The power ballad destroyed metal? That's news to me. Last time I checked, I could still find Poison, Motley Crue, Twisted Sister, and all those other great bands from the 80s on my radio. Some of these groups even do the occasional tour. They may be playing smaller venues and not the sold out arenas (I'm reminded of the scene from Spinal Tap), but they are still around, and they are still rockin'. Didn't Poison just come out with a new album? To say that something is destroyed suggests that it no longer exists, and that is simply not the case with metal.


What happened with metal is what has happened with every other genre. It reached its peak in popularity and then simply declined. Ballads, in this fans personal opinion, had nothing to do with metal being destroyed, or even decreasing in popularity. On the contrary, ballads were more like a last ditch effort to maintain a bands popularity and record sales.
People don't always want to hear, and bands certainly don't always want to admit, that the market has an enormous amount of influence on what type of music a band produces. A band can stick to its roots as much as it wants, but if it wants to sell records, its got to also give the people what they want. Ballads are what the people wanted. To quote Metallica, "Sad but true."

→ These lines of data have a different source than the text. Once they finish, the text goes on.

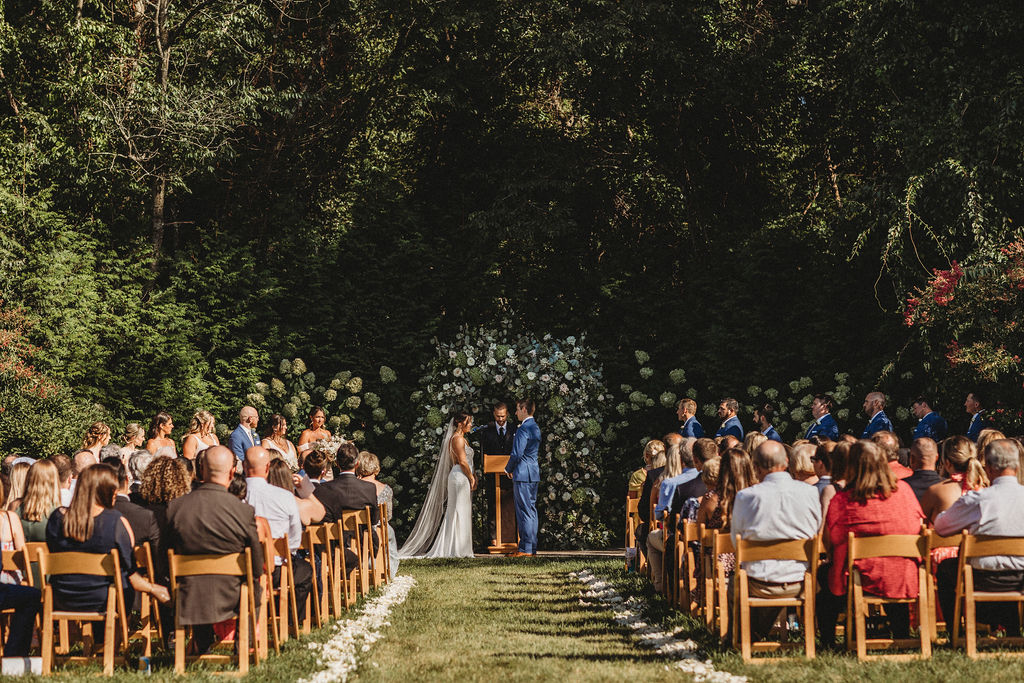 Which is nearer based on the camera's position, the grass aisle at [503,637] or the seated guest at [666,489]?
the grass aisle at [503,637]

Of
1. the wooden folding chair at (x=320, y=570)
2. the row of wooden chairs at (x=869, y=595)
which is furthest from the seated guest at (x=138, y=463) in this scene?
the row of wooden chairs at (x=869, y=595)

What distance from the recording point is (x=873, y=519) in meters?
7.07

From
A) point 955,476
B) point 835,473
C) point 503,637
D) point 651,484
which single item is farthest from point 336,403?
point 955,476

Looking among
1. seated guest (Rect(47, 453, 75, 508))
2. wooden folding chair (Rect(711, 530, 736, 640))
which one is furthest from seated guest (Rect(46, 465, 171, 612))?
wooden folding chair (Rect(711, 530, 736, 640))

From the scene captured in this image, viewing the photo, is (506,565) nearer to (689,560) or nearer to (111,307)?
(689,560)

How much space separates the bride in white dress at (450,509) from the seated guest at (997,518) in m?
8.42

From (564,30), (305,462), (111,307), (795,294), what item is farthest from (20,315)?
(795,294)

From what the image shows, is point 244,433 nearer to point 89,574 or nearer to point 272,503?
point 272,503

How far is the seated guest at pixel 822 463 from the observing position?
8219mm

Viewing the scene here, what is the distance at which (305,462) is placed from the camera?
10445mm

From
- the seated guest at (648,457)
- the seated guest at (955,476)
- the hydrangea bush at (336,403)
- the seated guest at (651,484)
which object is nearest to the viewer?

Ballads reached a wider audience. More people could relate to a relatively mellow and heartfelt ballad than they could a heart pounding, adrenaline fueled metal piece. Hardcore metal fans may have seen the shift toward ballads as a betrayal, but for a band needing to sell records and maintain a wider popularity, it was necessary. Unfortunately, the ballads soon began to dip in popularity as well (probably because it became the cliche thing to do and every metal group began to "unplugged" for a song or two), and because many metal fans had been disillusioned by the ballads, the metal groups didn't have their corps fan base to really fall back on. Thus, metal faded to the background.

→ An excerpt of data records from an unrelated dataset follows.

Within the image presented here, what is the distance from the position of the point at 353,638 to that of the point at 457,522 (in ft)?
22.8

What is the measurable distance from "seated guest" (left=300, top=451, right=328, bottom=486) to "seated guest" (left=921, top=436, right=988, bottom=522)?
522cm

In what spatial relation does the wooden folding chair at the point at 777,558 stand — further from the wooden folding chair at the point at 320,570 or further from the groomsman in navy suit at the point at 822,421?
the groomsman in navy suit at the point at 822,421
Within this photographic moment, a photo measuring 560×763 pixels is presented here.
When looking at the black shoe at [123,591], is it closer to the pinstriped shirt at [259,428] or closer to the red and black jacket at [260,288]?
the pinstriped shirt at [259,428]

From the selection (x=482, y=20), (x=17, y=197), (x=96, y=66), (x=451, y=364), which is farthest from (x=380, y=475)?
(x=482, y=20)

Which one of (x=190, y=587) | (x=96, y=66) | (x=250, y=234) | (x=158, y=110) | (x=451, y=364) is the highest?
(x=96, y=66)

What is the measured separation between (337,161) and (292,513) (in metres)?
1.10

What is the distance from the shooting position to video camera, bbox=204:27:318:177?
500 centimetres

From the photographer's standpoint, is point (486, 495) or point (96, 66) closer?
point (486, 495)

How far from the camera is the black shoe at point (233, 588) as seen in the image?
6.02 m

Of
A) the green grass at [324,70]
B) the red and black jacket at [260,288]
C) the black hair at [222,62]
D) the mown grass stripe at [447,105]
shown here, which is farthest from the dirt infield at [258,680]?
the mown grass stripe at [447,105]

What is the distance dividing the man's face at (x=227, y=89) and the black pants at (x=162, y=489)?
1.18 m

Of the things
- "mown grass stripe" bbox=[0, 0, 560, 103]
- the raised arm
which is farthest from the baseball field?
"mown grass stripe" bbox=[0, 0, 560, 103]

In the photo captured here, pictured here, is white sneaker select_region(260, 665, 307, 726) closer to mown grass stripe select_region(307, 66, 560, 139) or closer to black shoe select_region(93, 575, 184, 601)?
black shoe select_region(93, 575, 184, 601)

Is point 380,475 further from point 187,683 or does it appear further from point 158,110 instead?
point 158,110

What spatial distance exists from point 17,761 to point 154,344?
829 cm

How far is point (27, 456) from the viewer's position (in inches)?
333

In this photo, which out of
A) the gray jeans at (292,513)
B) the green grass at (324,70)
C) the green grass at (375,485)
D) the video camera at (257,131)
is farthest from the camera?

Don't blame the ballad, however. It wasn't the ballad's fault, or even a band's fault for producing a ballad that led to metal's decline. More than anything it was the fickle marketplace and listening audience that shrugged off metal for the new generation of popular music. That's how music is. One genre fades away to make room for the next, and each new generation adds to the growing history and variety of Rock and Roll. Genres don't die. They just step out of the spotlight. It happened with disco, it happened with metal, and God willing, it will happen with Brittany Spears and her ilk soon enough. However, we only have to search the radio and hear Mr. Snider scream, "I wanna Rock," to know that metal was not destroyed.